Finding Self-Worth Against A Paralyzed Will

When “Other’s Seeing” is Believing

Attachment loss is when one is dealing with a sense that they are unlovable, unworthy of another’s time and attention; in short one believes that their life doesn’t count for much and they might even question the reason for their existence.

A foundational time for building healthy attachment is between the ages of birth and five years old. Healthy attachment (knowing, sensing at your core that you are loved, worthy, accepted, approved of, etc) can affect a person’s future self-esteem and self-worth, friendships, parent and sibling relationships, work relationships, and even romantic relationships later on in life.

Attachment revolves around what we “believe about ourselves at our core”. One can tell himself in his head that he is worthy and loveable, but if it is not a core belief then one will remain stuck. When this occurs a person is dealing with Attachment loss, or they are “Detached”.

For those who find themselves dealing with attachment loss, and may never step foot in a counselors office, there are a few practical and necessary suggestions I can give here – the first being that you need to begin to build safe and trusted community. This can be a very scary step for many because if one is already feeling unlovable and unworthy, attempting to let others into your life risks rejection. In fact, a person with attachment loss expects to be rejected! And so, they reject others before they themselves can be rejected, remaining in their detached state and isolated.

Second, be very aware of the “story you are telling yourself” before and after you make an attempt to reach out to others at your place of worship, work, your neighborhood, wherever. Often a detached person will tell themselves a “false story” before their attempt, which often leads to them backing out of taking the risk. (e.g. They won’t want to talk to me, etc.) Risk anyway and when you do, pay attention to how the message may change. If you risk and are received well by others, then the “before message” is indeed false. What is the new and more accurate story you tell yourself after the fact? If received well and a good exchange was had, then the story might become “I have value”, or “I can hold my own in a conversation with others”. The trick is to not stop after the first risk, but to continue risking. Like body building, the more you work the muscle the stronger you become.

One final thought: working on attachment can take time. Often I will hear stories of those who have built up their safe community, and they are taking great risks to be known, and making great strides in their personal life journeys. However, they then find themselves hitting what I call an “attachment plateau” which is when a person still has a hard time believing and receiving love and acceptance from their community – and so I share an age old story to make a point and offer some hope.

From the Book of Mark Chapter 2: 1-12

A few days later, when Jesus again entered Capernaum, the people heard that he had come home. They gathered in such large numbers that there was no room left, not even outside the door, and he preached the word to them. Some men came, bringing to him a paralyzed man, carried by four of them. Since they could not get him to Jesus because of the crowd, they made an opening in the roof above Jesus by digging through it and then lowered the mat the man was lying on.

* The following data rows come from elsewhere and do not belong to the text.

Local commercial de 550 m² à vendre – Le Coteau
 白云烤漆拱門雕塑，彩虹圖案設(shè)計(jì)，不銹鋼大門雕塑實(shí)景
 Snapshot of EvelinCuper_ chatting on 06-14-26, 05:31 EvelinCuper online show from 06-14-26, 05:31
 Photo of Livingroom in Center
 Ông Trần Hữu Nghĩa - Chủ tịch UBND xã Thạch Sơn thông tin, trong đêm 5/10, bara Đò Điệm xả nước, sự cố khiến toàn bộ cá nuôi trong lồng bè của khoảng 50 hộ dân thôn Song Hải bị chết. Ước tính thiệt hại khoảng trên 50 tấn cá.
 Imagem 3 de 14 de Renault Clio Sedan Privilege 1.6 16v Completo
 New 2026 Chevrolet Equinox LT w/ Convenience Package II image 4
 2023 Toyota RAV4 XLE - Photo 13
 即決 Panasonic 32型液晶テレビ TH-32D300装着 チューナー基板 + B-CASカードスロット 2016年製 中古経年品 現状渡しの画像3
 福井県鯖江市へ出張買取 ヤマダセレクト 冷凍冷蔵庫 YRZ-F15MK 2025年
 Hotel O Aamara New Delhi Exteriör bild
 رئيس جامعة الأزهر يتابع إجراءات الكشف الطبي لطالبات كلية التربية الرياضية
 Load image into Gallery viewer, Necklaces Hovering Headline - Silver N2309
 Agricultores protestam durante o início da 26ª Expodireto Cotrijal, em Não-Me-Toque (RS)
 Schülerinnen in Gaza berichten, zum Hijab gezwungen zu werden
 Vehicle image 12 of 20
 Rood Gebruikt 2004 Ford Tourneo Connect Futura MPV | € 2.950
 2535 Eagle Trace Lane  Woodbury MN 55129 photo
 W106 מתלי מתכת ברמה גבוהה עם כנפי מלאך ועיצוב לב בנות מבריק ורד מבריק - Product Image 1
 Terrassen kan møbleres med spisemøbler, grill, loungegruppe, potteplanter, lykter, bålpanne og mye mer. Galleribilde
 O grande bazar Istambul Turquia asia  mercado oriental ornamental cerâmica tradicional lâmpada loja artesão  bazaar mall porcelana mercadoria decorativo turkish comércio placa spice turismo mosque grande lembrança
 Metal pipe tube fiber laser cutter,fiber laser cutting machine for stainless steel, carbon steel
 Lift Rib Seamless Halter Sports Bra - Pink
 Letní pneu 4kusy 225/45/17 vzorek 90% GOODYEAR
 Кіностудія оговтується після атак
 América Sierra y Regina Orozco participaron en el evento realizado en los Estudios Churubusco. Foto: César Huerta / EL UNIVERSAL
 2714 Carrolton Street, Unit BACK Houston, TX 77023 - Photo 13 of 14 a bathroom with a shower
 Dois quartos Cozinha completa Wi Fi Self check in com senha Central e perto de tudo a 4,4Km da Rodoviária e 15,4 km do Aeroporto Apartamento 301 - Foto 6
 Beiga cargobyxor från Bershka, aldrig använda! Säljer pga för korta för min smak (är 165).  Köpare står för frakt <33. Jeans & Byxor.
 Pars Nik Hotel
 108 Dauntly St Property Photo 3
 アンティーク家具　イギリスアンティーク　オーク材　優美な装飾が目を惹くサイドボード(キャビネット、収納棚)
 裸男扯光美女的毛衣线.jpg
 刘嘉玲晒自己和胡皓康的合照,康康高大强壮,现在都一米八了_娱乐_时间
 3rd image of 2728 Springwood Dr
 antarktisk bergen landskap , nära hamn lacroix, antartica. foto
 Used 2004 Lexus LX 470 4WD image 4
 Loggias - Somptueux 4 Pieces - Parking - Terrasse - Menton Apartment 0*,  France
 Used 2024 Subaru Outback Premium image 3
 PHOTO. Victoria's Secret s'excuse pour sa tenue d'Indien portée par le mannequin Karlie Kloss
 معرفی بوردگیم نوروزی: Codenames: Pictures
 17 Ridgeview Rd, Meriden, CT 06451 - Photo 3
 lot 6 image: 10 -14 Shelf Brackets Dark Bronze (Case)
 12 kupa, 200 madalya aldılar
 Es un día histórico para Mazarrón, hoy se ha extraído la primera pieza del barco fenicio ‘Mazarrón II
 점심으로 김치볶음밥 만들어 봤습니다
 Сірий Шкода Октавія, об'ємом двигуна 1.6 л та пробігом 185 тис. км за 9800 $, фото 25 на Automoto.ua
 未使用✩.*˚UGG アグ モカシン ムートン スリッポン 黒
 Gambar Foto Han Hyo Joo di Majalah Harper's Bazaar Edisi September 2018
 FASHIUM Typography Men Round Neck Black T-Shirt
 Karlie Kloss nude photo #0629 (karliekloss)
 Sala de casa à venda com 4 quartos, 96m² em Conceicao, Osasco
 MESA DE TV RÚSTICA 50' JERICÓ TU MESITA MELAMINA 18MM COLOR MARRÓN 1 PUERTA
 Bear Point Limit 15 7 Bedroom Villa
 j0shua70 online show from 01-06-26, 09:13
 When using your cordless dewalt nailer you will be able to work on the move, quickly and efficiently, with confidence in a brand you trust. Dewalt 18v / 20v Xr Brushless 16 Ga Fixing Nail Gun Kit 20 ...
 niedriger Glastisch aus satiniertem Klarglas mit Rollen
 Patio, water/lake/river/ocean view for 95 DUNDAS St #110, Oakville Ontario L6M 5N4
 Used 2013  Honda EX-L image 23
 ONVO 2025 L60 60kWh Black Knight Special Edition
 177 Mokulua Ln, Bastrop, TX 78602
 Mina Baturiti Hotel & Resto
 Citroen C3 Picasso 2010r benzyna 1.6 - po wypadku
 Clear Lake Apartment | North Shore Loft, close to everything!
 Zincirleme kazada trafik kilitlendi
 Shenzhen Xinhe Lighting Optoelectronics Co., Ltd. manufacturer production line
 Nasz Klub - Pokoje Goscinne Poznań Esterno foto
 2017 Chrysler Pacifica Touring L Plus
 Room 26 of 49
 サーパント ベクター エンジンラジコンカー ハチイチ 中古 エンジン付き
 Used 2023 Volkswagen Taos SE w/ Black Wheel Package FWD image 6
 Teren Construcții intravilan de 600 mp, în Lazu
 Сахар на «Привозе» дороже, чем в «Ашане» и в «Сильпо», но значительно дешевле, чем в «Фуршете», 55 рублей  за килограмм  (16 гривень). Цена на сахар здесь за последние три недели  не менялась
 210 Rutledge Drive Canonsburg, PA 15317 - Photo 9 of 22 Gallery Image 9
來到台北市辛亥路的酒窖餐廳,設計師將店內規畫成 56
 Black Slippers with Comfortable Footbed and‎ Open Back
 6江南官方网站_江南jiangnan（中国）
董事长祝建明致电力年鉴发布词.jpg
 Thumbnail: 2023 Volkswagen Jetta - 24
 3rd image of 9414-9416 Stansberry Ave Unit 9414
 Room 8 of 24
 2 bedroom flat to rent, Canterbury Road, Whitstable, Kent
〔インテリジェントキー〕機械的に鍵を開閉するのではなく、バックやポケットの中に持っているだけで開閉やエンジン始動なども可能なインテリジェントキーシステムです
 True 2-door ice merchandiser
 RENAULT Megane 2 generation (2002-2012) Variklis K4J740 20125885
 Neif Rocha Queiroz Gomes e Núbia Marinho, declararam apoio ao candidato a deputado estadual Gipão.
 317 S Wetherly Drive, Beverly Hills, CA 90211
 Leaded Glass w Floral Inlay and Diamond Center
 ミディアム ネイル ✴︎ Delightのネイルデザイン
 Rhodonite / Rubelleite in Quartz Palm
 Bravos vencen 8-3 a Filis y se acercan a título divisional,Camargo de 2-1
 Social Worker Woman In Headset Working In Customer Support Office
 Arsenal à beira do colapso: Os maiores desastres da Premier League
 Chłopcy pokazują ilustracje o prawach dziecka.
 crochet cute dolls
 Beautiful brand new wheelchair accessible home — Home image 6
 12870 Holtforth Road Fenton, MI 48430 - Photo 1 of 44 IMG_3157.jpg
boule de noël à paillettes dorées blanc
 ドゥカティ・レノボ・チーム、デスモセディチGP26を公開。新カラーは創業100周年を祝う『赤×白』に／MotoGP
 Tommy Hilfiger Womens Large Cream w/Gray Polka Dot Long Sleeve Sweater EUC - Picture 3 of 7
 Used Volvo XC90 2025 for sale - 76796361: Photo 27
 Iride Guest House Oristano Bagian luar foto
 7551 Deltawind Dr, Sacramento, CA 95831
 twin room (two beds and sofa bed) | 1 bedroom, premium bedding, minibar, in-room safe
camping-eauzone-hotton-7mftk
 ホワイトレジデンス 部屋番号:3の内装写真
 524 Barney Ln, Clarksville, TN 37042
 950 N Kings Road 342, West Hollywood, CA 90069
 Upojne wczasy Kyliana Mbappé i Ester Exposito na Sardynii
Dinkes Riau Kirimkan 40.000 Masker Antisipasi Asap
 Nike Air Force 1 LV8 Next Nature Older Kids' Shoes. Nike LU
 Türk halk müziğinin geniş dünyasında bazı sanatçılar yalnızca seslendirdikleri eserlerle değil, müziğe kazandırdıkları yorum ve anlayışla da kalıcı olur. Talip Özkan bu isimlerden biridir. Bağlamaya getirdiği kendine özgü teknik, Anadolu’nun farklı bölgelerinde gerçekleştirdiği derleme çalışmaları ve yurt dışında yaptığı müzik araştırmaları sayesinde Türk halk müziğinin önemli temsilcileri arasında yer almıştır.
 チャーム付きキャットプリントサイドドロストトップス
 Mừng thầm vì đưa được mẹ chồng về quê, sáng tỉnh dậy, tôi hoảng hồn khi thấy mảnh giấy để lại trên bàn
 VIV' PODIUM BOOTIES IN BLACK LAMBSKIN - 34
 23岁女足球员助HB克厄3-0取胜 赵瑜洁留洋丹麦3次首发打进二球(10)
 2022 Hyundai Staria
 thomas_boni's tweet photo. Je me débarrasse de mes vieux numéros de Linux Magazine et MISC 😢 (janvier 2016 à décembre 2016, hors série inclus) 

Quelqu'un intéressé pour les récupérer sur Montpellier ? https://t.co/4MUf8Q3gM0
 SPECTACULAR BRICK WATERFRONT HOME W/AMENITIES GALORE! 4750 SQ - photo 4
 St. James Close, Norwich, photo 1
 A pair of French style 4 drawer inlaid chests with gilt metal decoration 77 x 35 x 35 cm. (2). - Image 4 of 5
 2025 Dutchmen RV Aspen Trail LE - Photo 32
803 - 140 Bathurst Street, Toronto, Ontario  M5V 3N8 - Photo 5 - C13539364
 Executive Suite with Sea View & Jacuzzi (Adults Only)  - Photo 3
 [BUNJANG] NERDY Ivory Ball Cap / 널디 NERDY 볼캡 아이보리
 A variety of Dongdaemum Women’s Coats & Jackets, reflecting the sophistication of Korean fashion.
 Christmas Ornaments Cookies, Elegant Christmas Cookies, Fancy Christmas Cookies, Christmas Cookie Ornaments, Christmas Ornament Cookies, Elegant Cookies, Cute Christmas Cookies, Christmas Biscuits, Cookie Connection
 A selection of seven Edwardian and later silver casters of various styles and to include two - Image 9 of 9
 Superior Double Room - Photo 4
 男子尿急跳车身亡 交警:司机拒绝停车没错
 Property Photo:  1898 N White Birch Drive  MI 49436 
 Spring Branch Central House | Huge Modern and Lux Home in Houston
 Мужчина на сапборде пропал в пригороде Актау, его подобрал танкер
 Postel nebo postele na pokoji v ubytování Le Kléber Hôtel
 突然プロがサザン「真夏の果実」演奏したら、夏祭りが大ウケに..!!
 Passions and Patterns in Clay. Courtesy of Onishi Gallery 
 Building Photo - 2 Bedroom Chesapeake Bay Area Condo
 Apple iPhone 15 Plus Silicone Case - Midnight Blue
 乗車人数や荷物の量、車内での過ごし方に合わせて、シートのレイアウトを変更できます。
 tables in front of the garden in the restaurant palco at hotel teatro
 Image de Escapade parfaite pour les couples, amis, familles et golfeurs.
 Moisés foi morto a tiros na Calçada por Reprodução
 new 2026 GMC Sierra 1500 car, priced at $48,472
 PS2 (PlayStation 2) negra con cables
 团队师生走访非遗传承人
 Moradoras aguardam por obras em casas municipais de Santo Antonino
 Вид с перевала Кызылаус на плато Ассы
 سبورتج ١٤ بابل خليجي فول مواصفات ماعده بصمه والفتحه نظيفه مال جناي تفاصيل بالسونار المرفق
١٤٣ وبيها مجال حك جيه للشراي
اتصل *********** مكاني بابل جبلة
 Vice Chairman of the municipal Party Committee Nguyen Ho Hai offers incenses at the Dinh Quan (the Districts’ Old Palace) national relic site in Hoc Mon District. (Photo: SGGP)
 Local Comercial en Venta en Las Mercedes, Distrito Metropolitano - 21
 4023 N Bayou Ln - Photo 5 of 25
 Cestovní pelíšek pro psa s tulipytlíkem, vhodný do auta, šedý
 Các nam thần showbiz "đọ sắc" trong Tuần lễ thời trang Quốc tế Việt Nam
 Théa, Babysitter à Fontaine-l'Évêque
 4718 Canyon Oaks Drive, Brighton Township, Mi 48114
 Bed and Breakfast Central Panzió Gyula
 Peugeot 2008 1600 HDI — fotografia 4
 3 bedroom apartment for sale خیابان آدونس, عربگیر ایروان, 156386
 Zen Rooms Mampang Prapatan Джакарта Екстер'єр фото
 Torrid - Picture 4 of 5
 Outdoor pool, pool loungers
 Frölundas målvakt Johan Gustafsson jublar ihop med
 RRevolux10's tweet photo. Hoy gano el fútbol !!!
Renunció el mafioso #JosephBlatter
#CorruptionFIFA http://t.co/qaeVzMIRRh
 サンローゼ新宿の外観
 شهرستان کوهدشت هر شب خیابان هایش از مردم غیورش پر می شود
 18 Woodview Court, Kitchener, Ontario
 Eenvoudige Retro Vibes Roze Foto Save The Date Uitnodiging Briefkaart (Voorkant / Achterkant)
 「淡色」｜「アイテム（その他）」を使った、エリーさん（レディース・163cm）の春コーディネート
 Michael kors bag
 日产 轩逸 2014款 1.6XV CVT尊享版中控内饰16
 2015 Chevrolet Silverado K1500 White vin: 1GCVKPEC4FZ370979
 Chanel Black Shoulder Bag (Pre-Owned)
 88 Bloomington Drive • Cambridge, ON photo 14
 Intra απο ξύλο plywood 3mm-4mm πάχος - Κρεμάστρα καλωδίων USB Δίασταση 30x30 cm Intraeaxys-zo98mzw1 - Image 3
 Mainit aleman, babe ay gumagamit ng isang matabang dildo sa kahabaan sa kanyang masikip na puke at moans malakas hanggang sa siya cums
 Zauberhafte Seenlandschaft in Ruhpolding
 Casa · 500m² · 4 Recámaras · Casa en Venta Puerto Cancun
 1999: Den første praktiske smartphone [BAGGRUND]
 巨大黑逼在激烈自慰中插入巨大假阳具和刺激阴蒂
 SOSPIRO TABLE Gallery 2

When Jesus saw their faith, he said to the paralyzed man, “Son, your sins are forgiven… He said to the man, “I tell you, get up, take your mat and go home.” He got up, took his mat and walked out in full view of them all. This amazed everyone and they praised God, saying, “We have never seen anything like this!”

One dealing with attachment loss is like a paralyzed man; helpless and relying on the love and assistance of one’s friends and loved ones – community. In this particular story, the man was completely reliant upon the love of his friends. It was they who carried him to the rooftop. It was these men that dug through the roof, and carefully lowered him into the room. And it was “their faith” that was counted by Jesus. It was their faith that was credited in bringing the hands of healing.

In your community, until your friends give you a reason to not trust them, you need to make a choice and trust them. And when they love on you, and affirm you, and need your love and affirmation as well – even though your core beliefs may be screaming on the inside “I’m not worth it” – it is time to let the faith of your friends heal you. Trust them when they tell you “you are worth their love, time, attention, respect, affection, etc.”. Turn away from the voice of unworthiness inside, and listen to their voices instead. Let them carry you and be healed.

Risk. Trust. Let others be the miracle that you’ve been looking for that you might begin to hear others say, “We have never seen anything like this!”